Я смотрел на толстяка недоуменно. Его речь, да и весь облик никак не соответствовал моему представлению о сапожниках. Видя мое удивление, он отложил молоток и согнулся в поклоне:
- Виноват, не представился. Брюс Иван Леонтьевич, кандидат философских наук… Вас это удивляет? - спросил он, поймав мой еще более недоуменный взгляд. - Видит Бог, не всегда я был сапожником! Когда-то считался баловнем судьбы. В двадцать шесть лет – блестящая защита диссертации, и сразу же пригласили не куда-нибудь, а в Центр! Да, да, представьте себе, молодой человек, восемь лет я состоял там в штате, - о чем еще, скажите, человек может мечтать? Даже если это человек с моими тогдашними амбициями, ибо в двадцать шесть "мы все глядим в Наполеоны"… Но – знаете, как это бывает по молодости, по глупости? Характерец был ерепенистый, разговорчики всякие, то, сё. Шуточки… - На миг он перешел на шепот: – Представляете – над самим Корней Корнеичем шутить отваживался. За глаза, понятно, - но все равно дерзость, согласитесь, наинепростительнейшая!.. Ну, и расплата, ясное дело, не заставила себя ждать. В конечном счете, изволите видеть, вот на какую должность перевели… Но вы, упаси Господь, - поспешил заверить он меня, - не подумайте – я отнюдь, отнюдь не жалуюсь и нисколько не сетую на судьбу. Ибо, как сказывали древние, homo locum ornat, non locus hominem , что в переводе означает…
- Да, да, знаю, - кивнул я.
Брюс посмотрел на меня с изумлением:
- Знаете латынь? Кто бы мог подумать! Чтобы здешний офицер – и вдруг…
- Да нет, - пояснил я, - никакой я не офицер. Здесь, можно сказать, по частному делу. Вообще-то я учился на факультете классических языков.

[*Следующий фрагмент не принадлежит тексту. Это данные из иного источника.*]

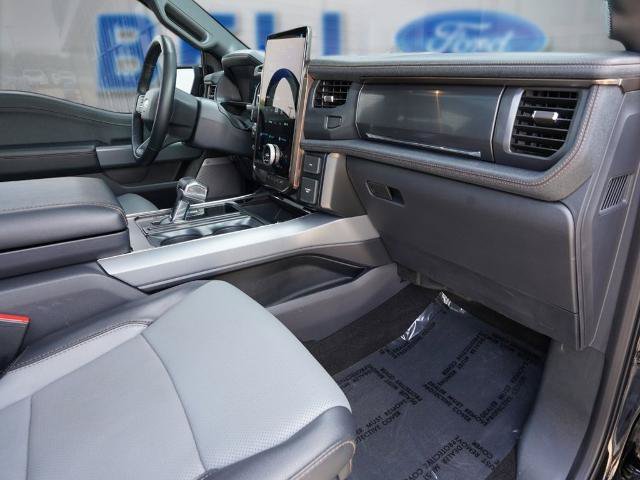 Certified 2023 Ford F150 Lightning Lariat w/ Equipment Group 511A High AWD/4WD image 34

- О! - восхитился философ. - Блистательный выбор! Иные пустые головы, пожалуй, сочли бы его совершенно бесполезным, но что может быть глупее погони за сиюминутной пользой. Ее может оценить разве только желудок, но никак не душа, о, нет!.. - После этого отступления он вернулся к прерванной теме: – Да, да, поверьте, я ничуть не стыжусь своего нынешнего места в жизни. Ведь главное, как говорили древние: nosce te ipsum, а блага этого познания у меня, видит Бог, никто не отнимал… Если что меня и возмущает – так только эта рутинность: швейную машину – и ту никак для себя не выбью!.. А в остальном, право же, работа ничем не хуже других. Она даже, скажу вам откровенно, расширяет кругозор и раскрепощает мысль. Знали бы вы, сколько я передумал за это время!.. Да и привык – все же как-никак без малого четырнадцать лет при сем деле.

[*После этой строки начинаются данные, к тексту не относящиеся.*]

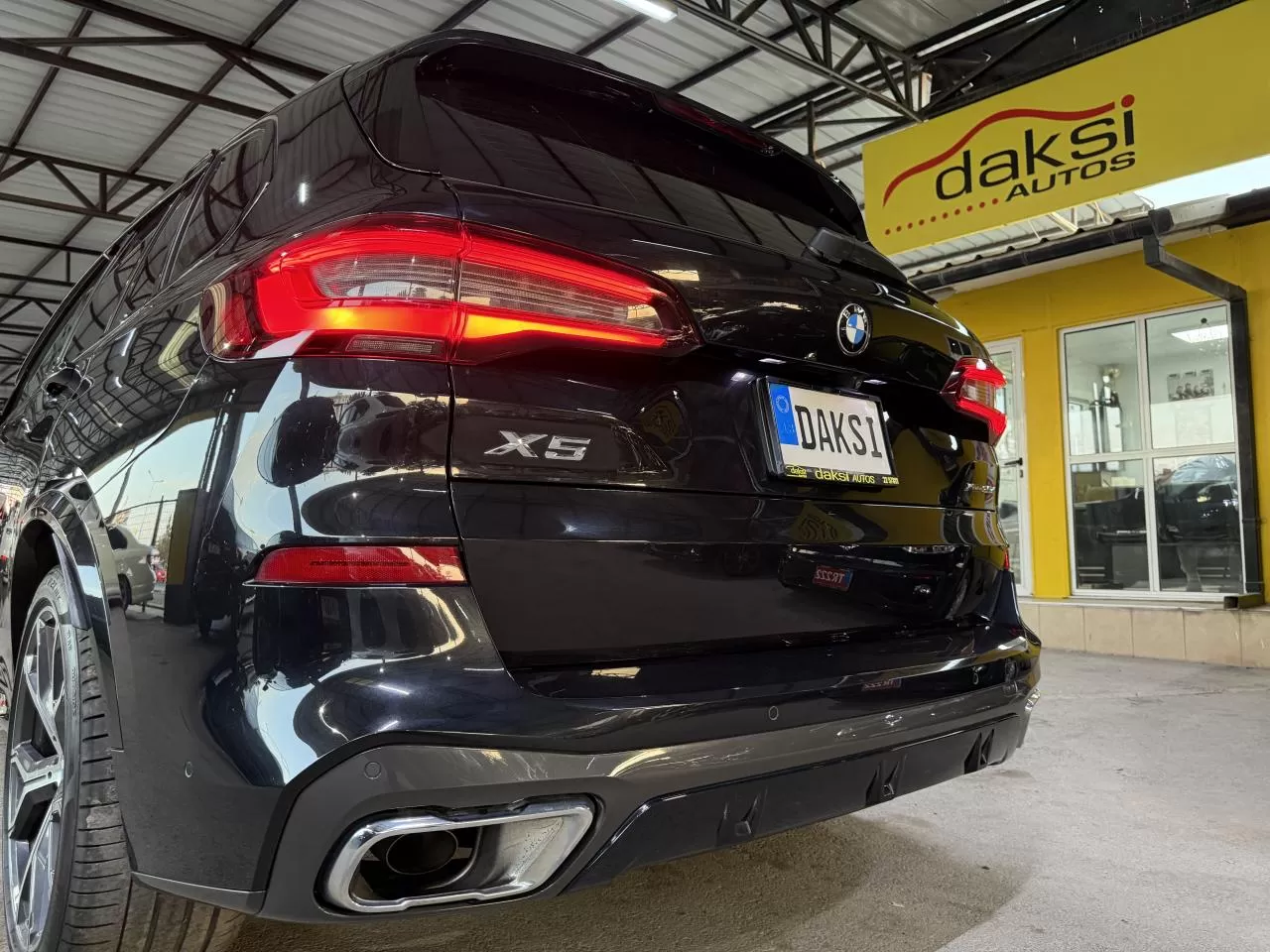 2021 Model Otomatik BMW X5 13. Görseli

- Сколько?! - не поверил я своим ушам.
- Сколько изволили слышать. Вы, я так понимаю, новенький – оттого и не встречались. Обычно-то я не здесь работаю, моя мастерская во дворе. Но когда мороз, как нынче… руки, знаете ли, стынут, пальцы не держат дратву… Впрочем, вы правы – это ничуть не снимает с меня обязанности соблюдать нормы человеческого общежития, и если по моей милости вы не можете уснуть…
Мне стало искренне его жаль.
- Нет, что вы, пожалуйста, работайте, ничего страшного, - поспешил сказать я.

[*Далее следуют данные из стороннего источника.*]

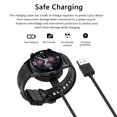 thumbnail image 3 of Kuymtek Cable USB de 100 cm Soporte de carga rápida para cargador de reloj Honor GS 3 (negro), 3 of 9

- Премного благодарен! - обрадовался толстяк. - Чрезвычайно великодушно с вашей стороны!.. К стыду моему, вынужден буду воспользоваться вашим великодушием – сами видите, сколько работы, а времени уже почти ничего. План каждый месяц повышают.
Я кивнул на груду обуви:
- Это все для Центра?
- Ну, и для филиалов, разумеется, - подтвердил Брюс, снова присев на табуретку и придвигая к себе колодку, - для всех шестнадцати. Никуда не денешься – хозрасчет. Кто-то же должен… - и, тяжко вздохнув, он склонился над очередным башмаком.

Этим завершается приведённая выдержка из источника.